PROBLEM REQUIREMENTS:
Omit every picture and output the rest of the records exactly as they are.

[Start of section]

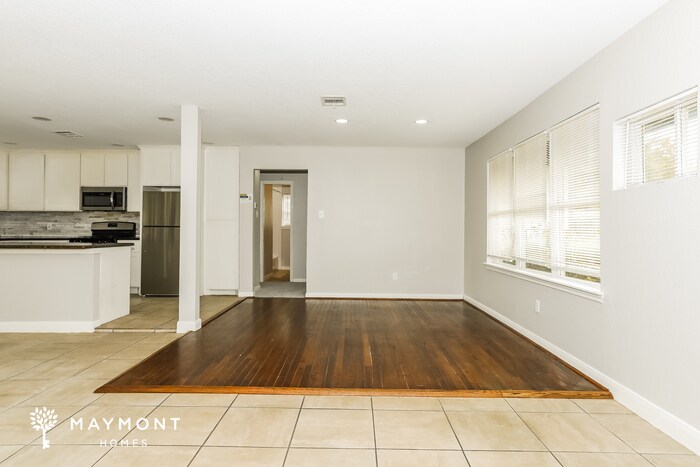 Building Photo - 6015 Glenhurst Dr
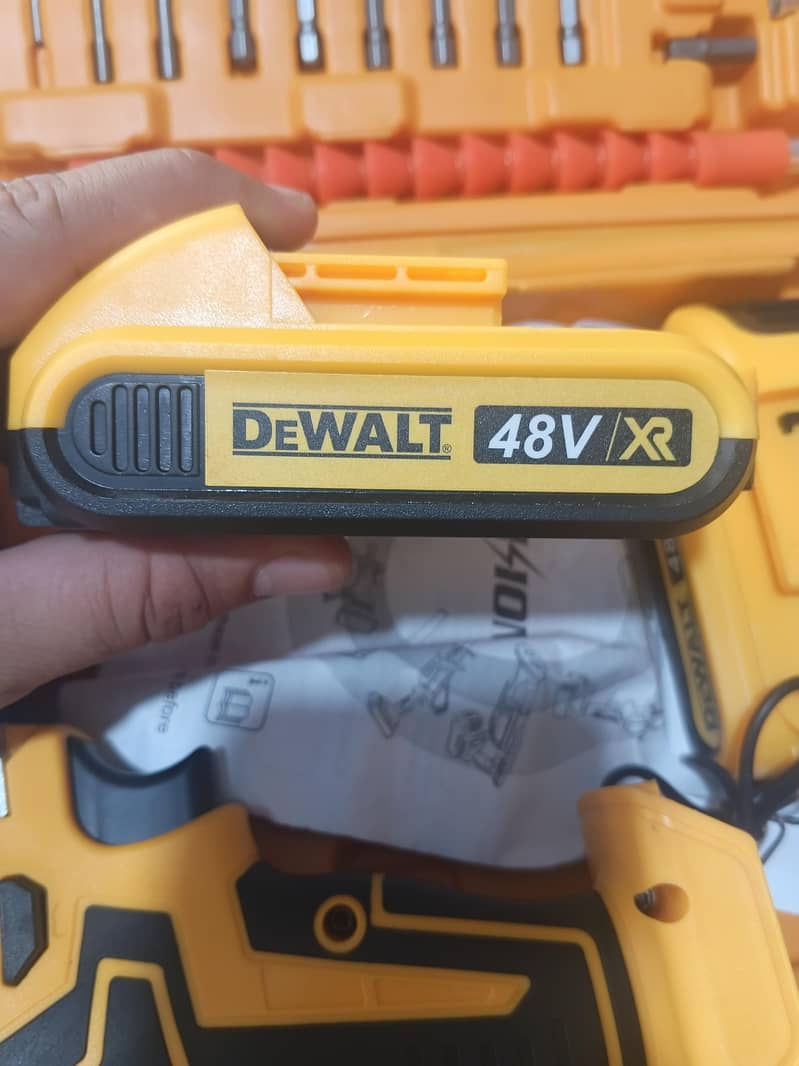 Rechargeable Drill machine (DeWalt) 4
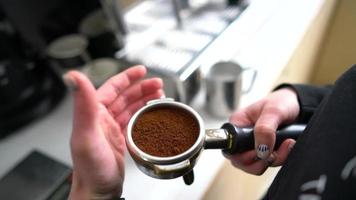 barista preparando una deliciosa taza de café video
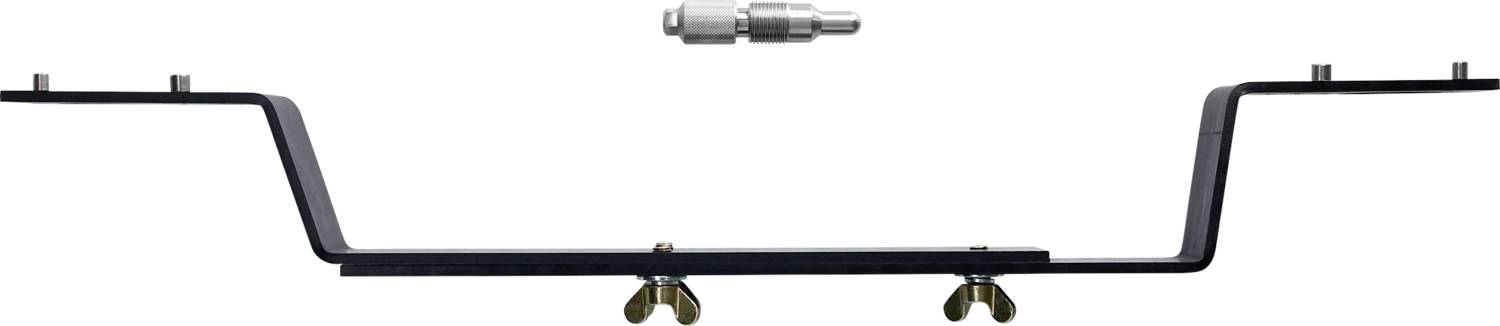 Czarny, malowany metalowy stelaż z śrubami i centralnym białym elementem, prawdopodobnie częścią systemu montażowego.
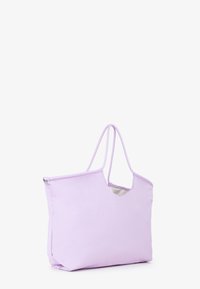 Borsa a spalla lilla con un design minimale, dotata di due spallacci e un'apertura a forma di V nella parte superiore. Tessuto morbido, senza motivi visibili.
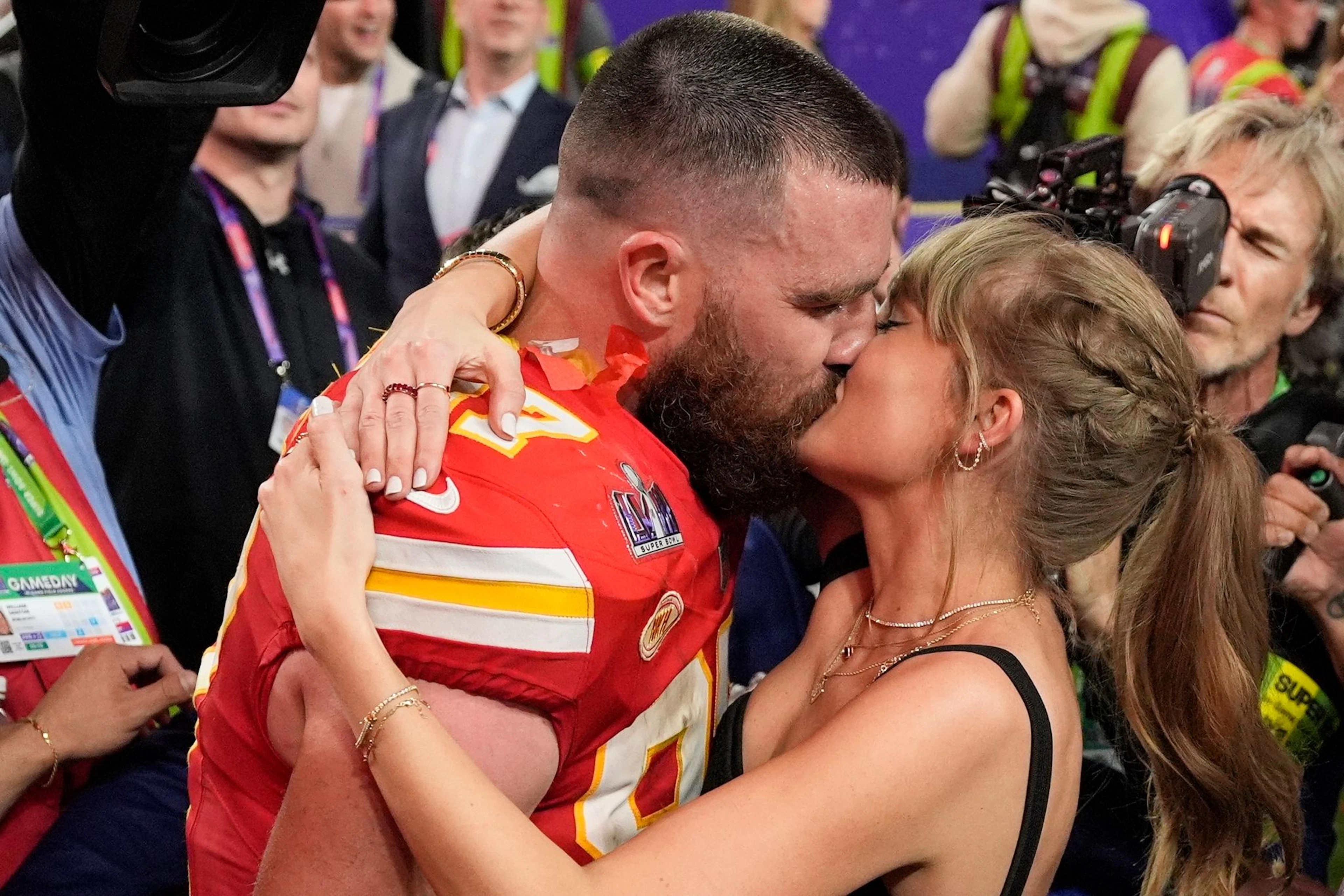 Die Hochzeit von Taylor Swift und Travis Kelce war nicht nur ein privater Moment – sie wurde zum globalen Medienereignis.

[End of section]

SOLUTION TO THIS EXERCISE:
 Building Photo - 6015 Glenhurst Dr
 Rechargeable Drill machine (DeWalt) 4
 barista preparando una deliciosa taza de café video
 Czarny, malowany metalowy stelaż z śrubami i centralnym białym elementem, prawdopodobnie częścią systemu montażowego.
 Borsa a spalla lilla con un design minimale, dotata di due spallacci e un'apertura a forma di V nella parte superiore. Tessuto morbido, senza motivi visibili.
 Die Hochzeit von Taylor Swift und Travis Kelce war nicht nur ein privater Moment – sie wurde zum globalen Medienereignis.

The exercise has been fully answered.